Exile does many things to you, all of them bad. In my case, it played havoc with my destiny. As we speak, I’d be a Confucius or an Einstein if I hadn’t run into exile. I’d be walking in the streets with my head in the clouds as it tries to solve some complex algebraic equation.
In primary school in Rwanda, we recited what we called ‘mara’ (mathematical tables) every morning. This meant subtracting, adding, multiplying or dividing any numbers and giving an answer in a split second. The teacher only needed to have his numbers ready on the blackboard and we’d give him answers to any sum before he could even point his long ‘rêgle’ (ruler).
It was like this. As soon as we entered class, the teacher pointed at a multiplication question, for instance, and shouted your name. He’d point at 147X73, say, and shout: “Ingina!” And I’d shoot up without hesitation and squeal: “Ten thousand – seven hundred – thirty-one!” Then, without giving me even a hint of a cursory look to confirm the accuracy of my answer, he’d turn to another pupil and point at other numbers and the rote lesson would continue.
But suppose you got the answer wrong, God forbid. Celestin, our Maths teacher, would look at you as if you were something that a cat dragged in yesterday. Then he’d pick the nearest object and hurl it at you. If you were lucky, the object would be something soft. Many times, unfortunately, we were not so lucky. Like this time he pointed at 3,741÷29.3 and shouted my name. Again, I squealed: “One hundred – twenty – seven – point – six – eight – zero!” Then he gave me that ugly look.
I wouldn’t have minded the ugly look, only there was a stone slate next to him. That spelt the end for me. Remember, a slate in our time was an object we used in place of an exercise book. But it was better because we used it multiple times. There were two types: one in cardboard and another in clay or stone. In both cases, they were used as blackboards as you could erase whatever you wrote so as to use them again. The cardboard one was light but the stone/clay one was as heavy and hard as a stone.
Imagine me, then, in the face of such danger. After weighing up the situation, I did what any wise person would have done, in my place: run for dear life. But my dear life wasn’t going to be saved, poor me. As I made to run for it, the slate caught me at the back of the knee and I fell down, knocking my head on the dust floor. A piece of the slate cut me on the leg but, otherwise, I was intact. That’s how I survived and went on to be tortured with more ‘mara’ rote lessons.
Even in exile, as we were taught by our fellow refugees, this ‘mara’ torture continued until we finished primary school and joined secondary school. Whereupon, arithmetic became a complete alien. Instead of using our rote brain to juggle numbers around, we were introduced to some curious objects.
We were told that our brains needed a rest and we could use beads to add or subtract, instead of our brains. The beads were on a board and we were supposed to play with them and get our subtraction or additions more easily.
We played around with those beads for about two years and by the end I could hardly count to one hundred. So idle was the brain that it seemed to be dying. The contraption responsible for that death was called a ‘spike abacus’.

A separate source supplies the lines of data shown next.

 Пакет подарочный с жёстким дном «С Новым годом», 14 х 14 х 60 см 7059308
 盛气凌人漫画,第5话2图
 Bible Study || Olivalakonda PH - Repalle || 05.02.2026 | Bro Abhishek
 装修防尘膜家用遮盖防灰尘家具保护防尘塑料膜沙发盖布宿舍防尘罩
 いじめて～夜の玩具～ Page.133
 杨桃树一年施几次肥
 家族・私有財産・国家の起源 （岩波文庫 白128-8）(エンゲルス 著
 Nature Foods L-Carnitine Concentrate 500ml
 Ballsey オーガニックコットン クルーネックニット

In third year, even the board of beads was done away with. In its place, a ruler was introduced. Yes, you got it right: a ruler like the one we used to trace lines. Only this one was not wooden. By all appearances, it seemed to be made in glass. Actually, it was not a single ruler: it was one big ruler with many other sliding rulers inside it! We used it primarily for multiplication and division but never for addition or subtraction. We also were told that we’d be using it for strange things like roots, logarithms, trigonometry, etc. The contraption this time was called a ‘slide rule’.
After trying to slide the things a couple of times without making sense, I gave up. No, this Maths had been messed up. I wanted none of it and I told my teacher so. With the result that any student who failed to perform well in Maths was told by the teacher “to do an Ingina”.
In short, transfer to Arts subjects. But even before a year was out, the slide rule was done away with, too. This time what came on the scene was a cute little thing. It was small, easily portable and could perform basic as well as complex operations of arithmetic. Even a one-year-old ccould operate it without thinking. Yes, you guessed right: the ‘calculator’.
Then came the computer, the internet, the cellular phone. Now iPod, iPad, iEtc, etc! Do we still need mathematicians amongst us? Me, exile helped me for once. It forced me to guess early!